Sample Trolls

Great piece at Slate on the damage being done to the music industry by sample trolls – companies that obtain rights (often under dubious circumstances) to an artists’ catalog and then go trolling for samples of that work embedded in other artists’ work. When they find samples – no matter how brief or how recognizable – they sue the hell out of ’em. The lawsuits are often won because of a decision once reached by the 6th Circuit court:

There’s only one appellate court, the 6th Circuit, that takes the ridiculous position that any sample, no matter how minimal, needs a license. Most copyright scholars think the decision is both activist and bogus.

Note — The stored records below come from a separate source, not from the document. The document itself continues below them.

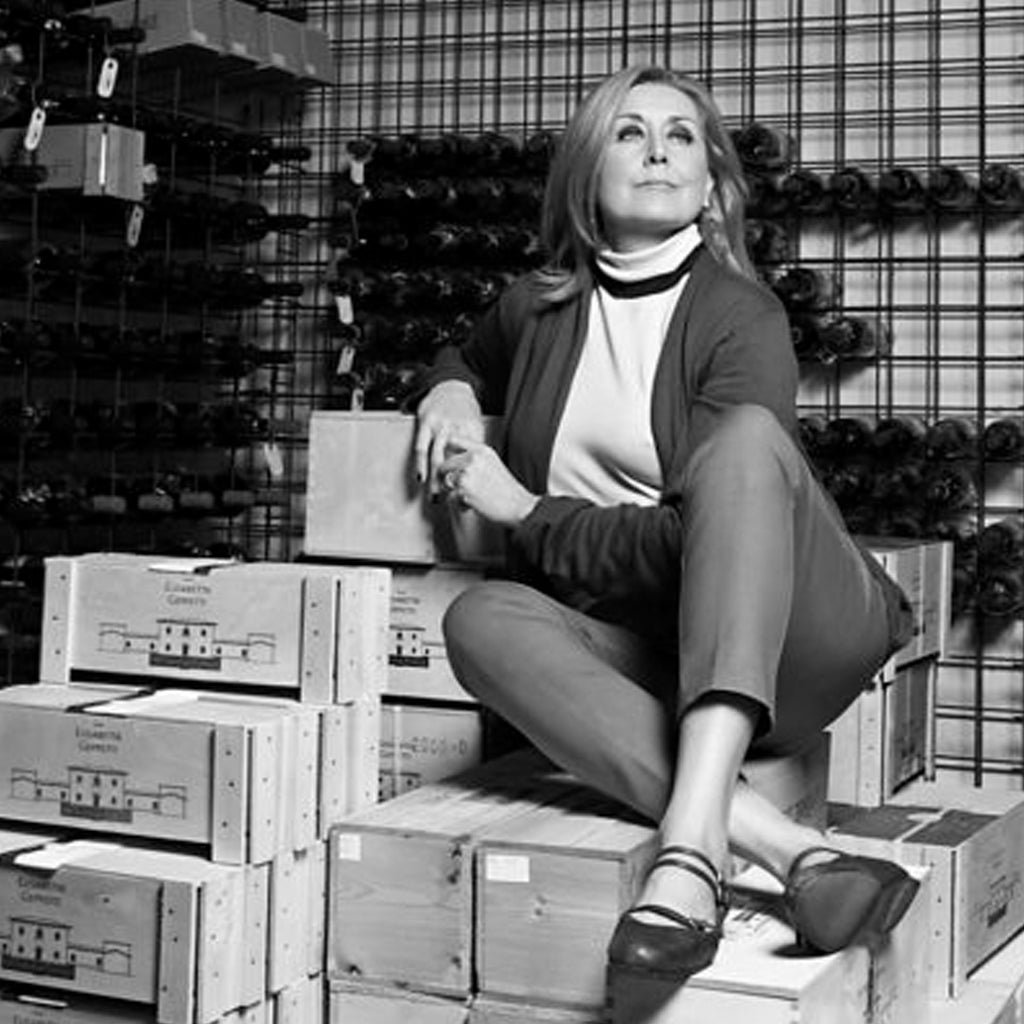 Elisabetta Geppetti sat atop wooden wine crates of Fattoria Le Pupille Wines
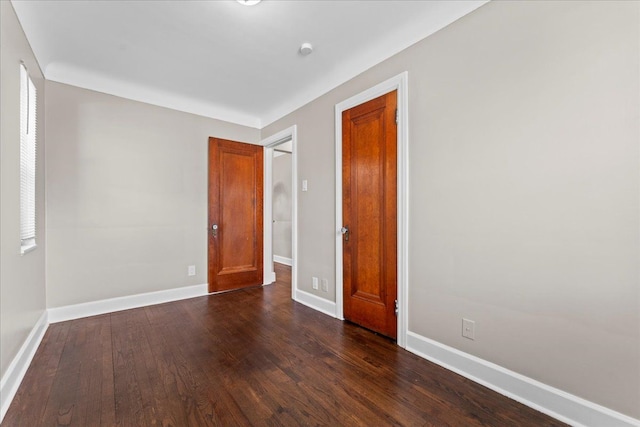 spare room featuring dark wood finished floors and baseboards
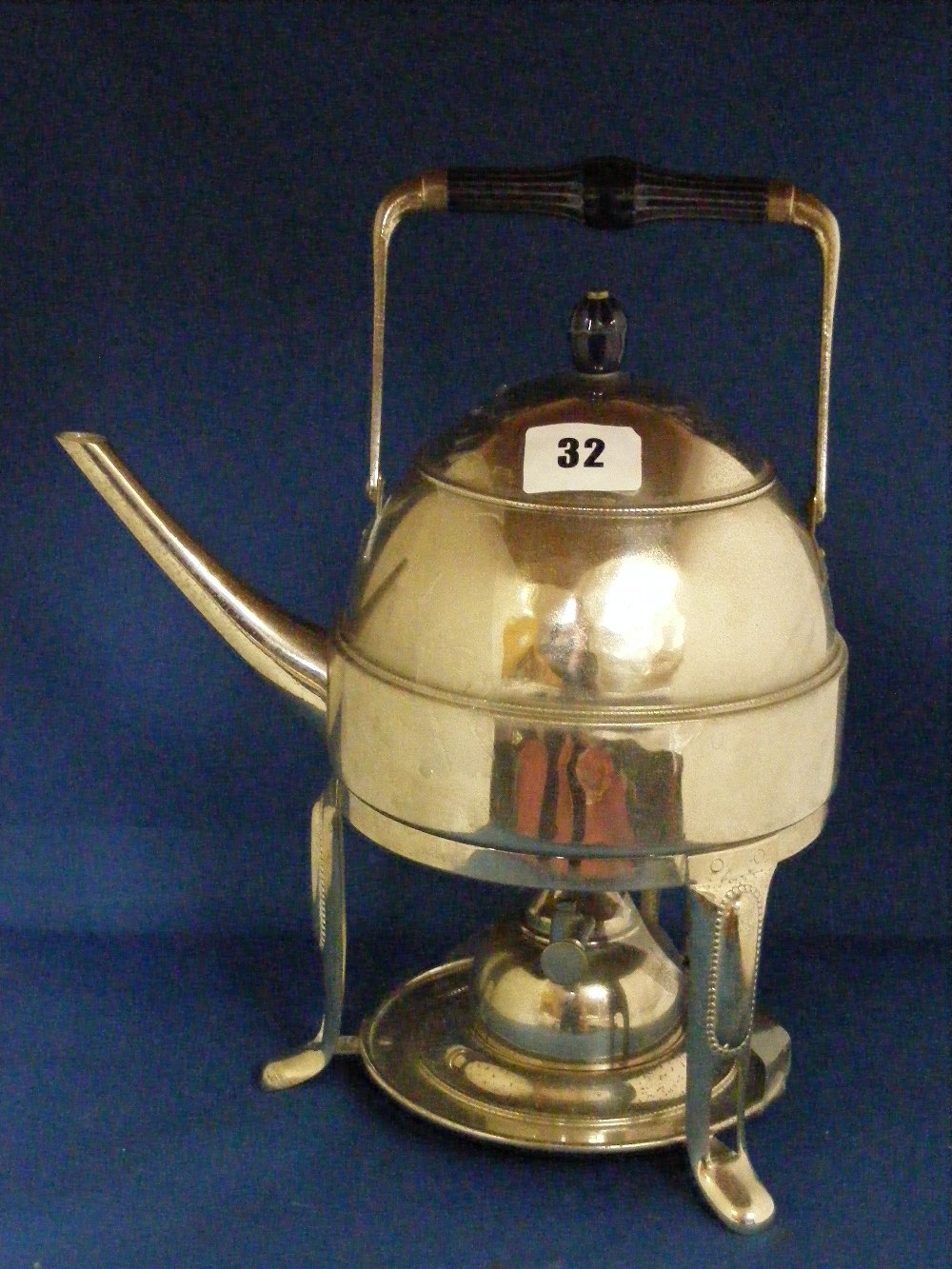 WMF, in the manner of Peter Behrens, c1910.    A silvered-metal Secessionist kettle on stand with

A sample troll called Bridgeport is a one-man company with no holdings other than music rights, who basically stole the rights to the George Clinton catalog and then launched an assault to find every example of sampled Clinton music, however trivial. That’s kind of like suing everyone who’s ever quoted Shakespeare — and Bridgeport has made millions doing it. If trolls like Bridgeport had been around when Public Enemy was making It Takes a Nation of Millions to Hold Us Back (which includes thousands of samples in a single album), it would have cost millions of dollars to secure all the necessary rights.

What, if anything, can be done? In the big picture, copyright must continually work to ensure that the basic building blocks of creativity are available to artists and creators, especially as new forms of art emerge. We already know what this means for novelists: freedom to use facts, borrow stock characters (like Falstaff) and standard plots (the murder mystery). For filmmakers, it means the freedom to copy standard shots (like The Magnificent Seven’s “establishment shot”). For rap music, it means the freedom to sample. Rap’s constant reinvention and remixing of old sounds makes it what it is; now is the time for the copyright system to get that. Vibrant cultures borrow, remix and recast. Static cultures die.

Even sadder than the fact that parasites like Bridgeport are allowed to hide behind the law is the fact that Congress could put an end to the practice with the enactment of a single law declaring some small threshold of legal sampling length – say, 7 seconds. “With a single line of code, Congress can make this problem go away.”